TASK STATEMENT:
Below, find the line containing "Mrw Beautiful In" and the line containing "Picture for song"; reproduce exactly those two and every line between them, omitting pictures.

─── AVAILABLE RECORDS ───

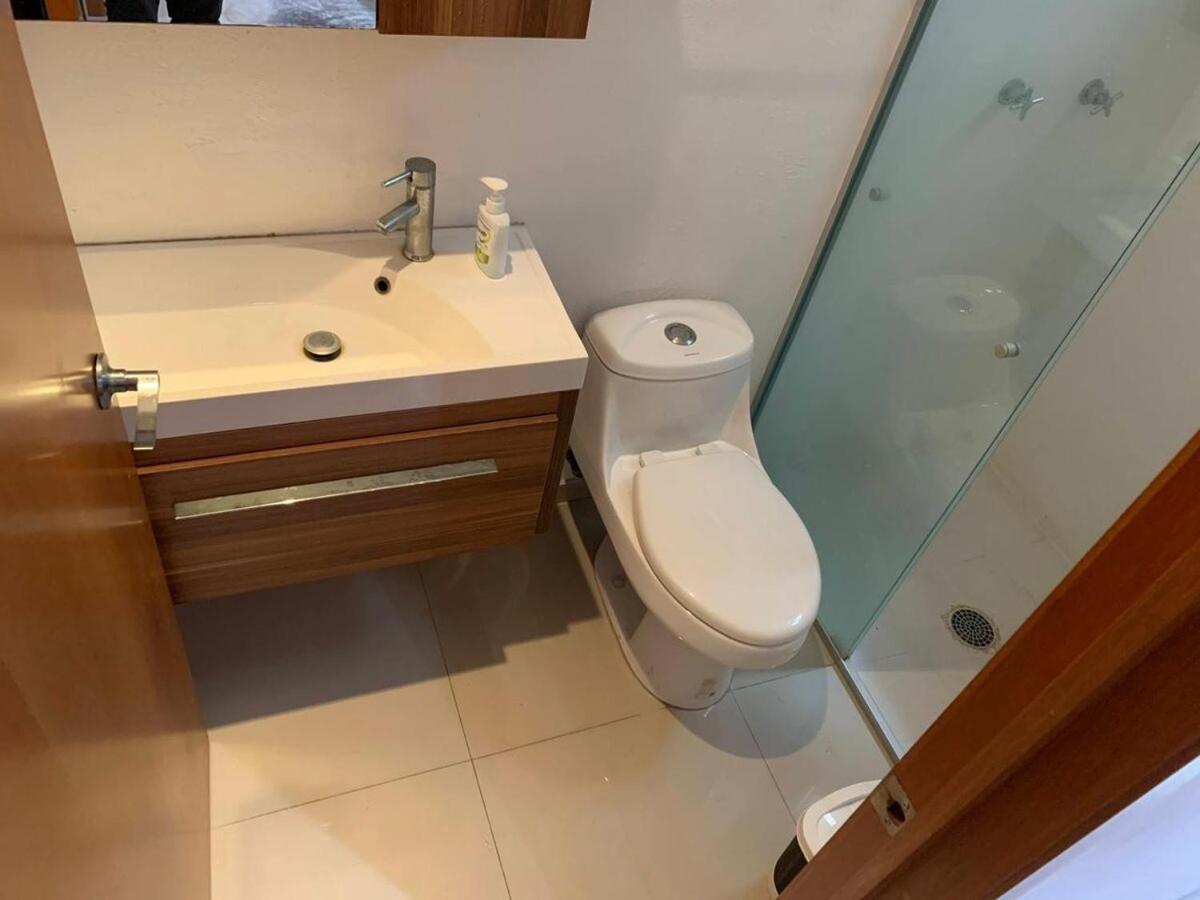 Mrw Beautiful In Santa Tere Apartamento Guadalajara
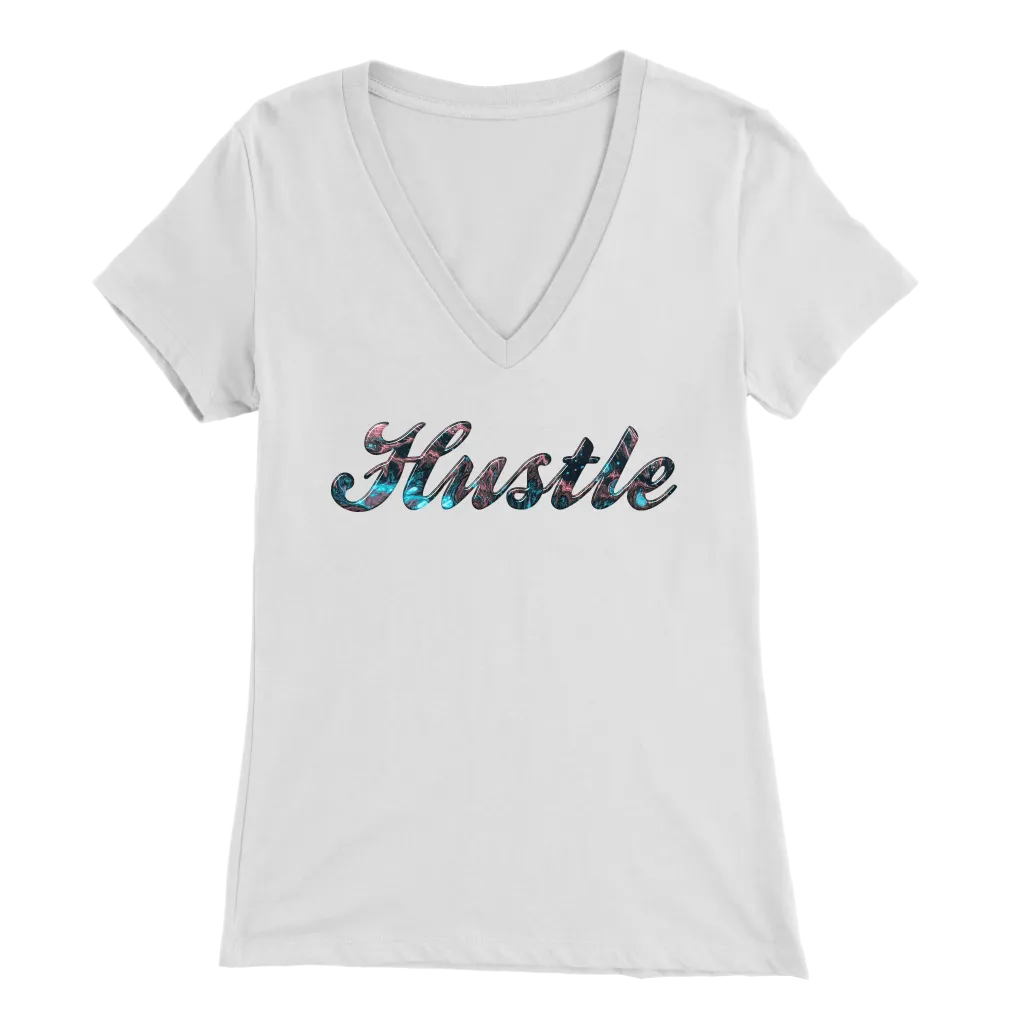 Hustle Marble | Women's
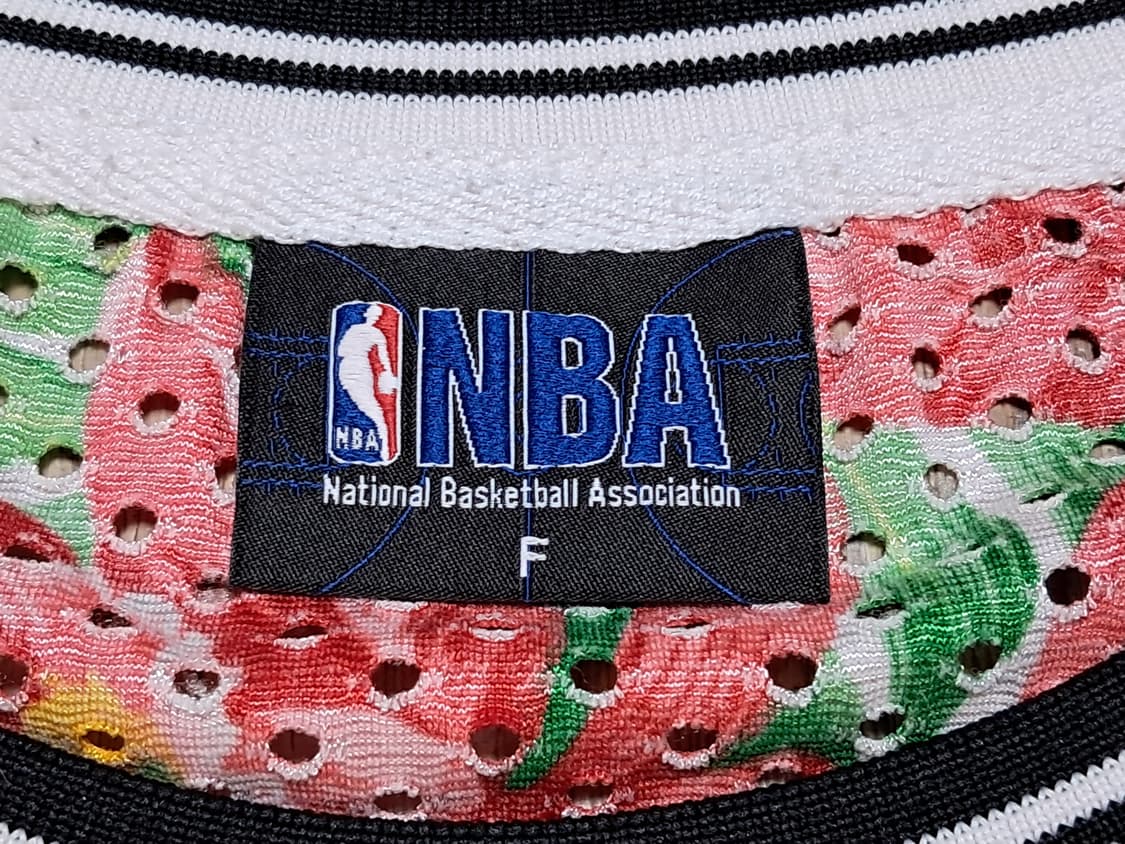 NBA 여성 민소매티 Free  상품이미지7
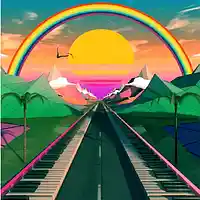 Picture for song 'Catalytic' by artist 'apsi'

───
─── AVAILABLE RECORDS ───

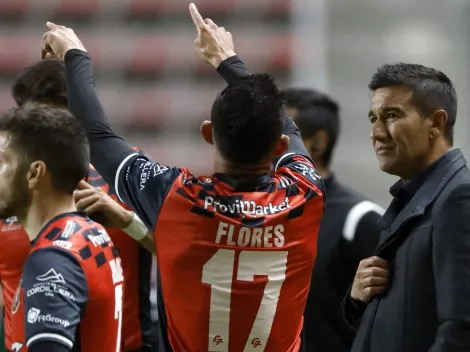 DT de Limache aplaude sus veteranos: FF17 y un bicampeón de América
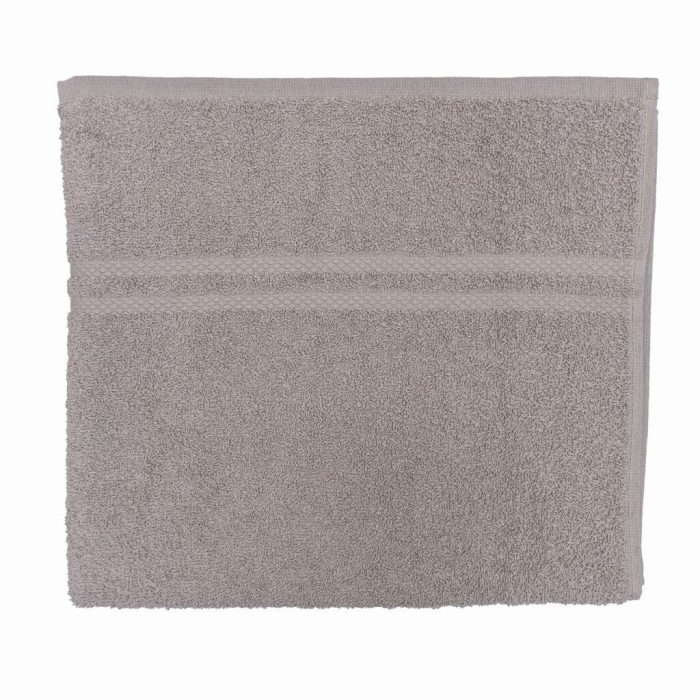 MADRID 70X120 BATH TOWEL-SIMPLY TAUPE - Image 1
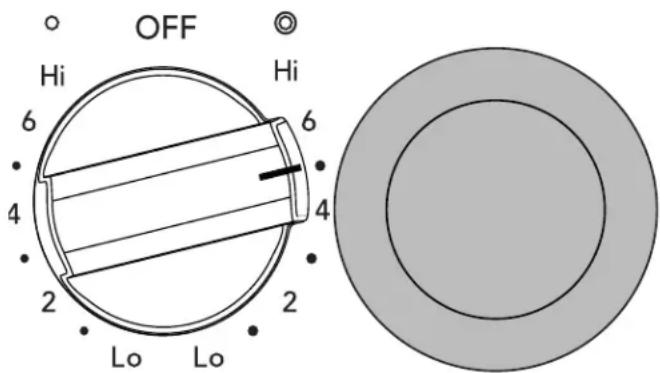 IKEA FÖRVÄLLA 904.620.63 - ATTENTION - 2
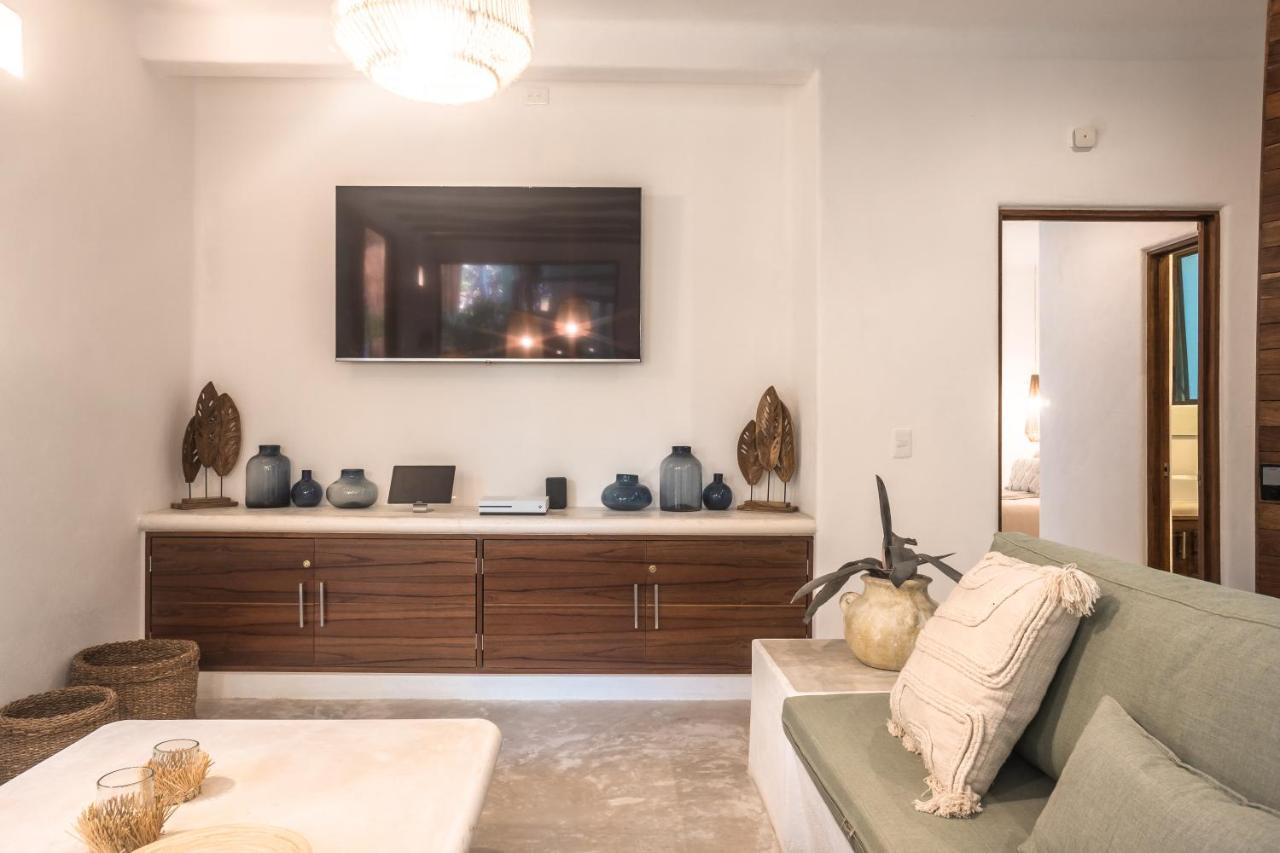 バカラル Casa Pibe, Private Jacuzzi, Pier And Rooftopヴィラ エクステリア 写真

───
─── AVAILABLE RECORDS ───

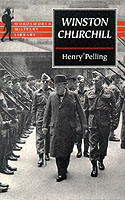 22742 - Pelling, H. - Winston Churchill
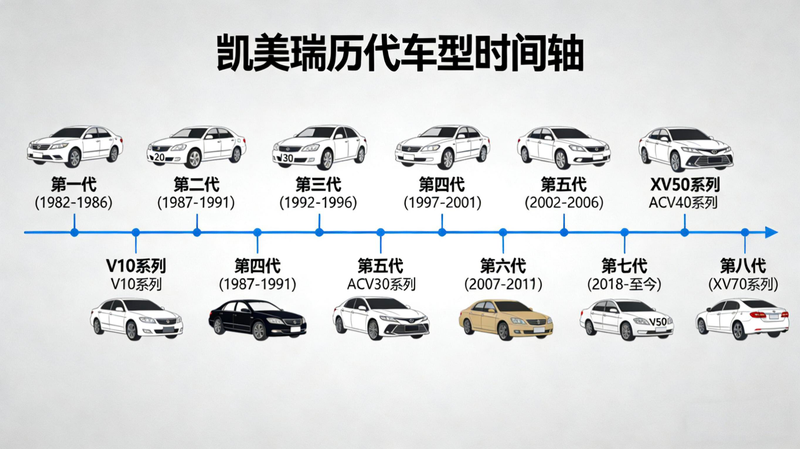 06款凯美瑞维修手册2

───

ANSWER SECTION:
 Mrw Beautiful In Santa Tere Apartamento Guadalajara
 Hustle Marble | Women's
 NBA 여성 민소매티 Free  상품이미지7
 Picture for song 'Catalytic' by artist 'apsi'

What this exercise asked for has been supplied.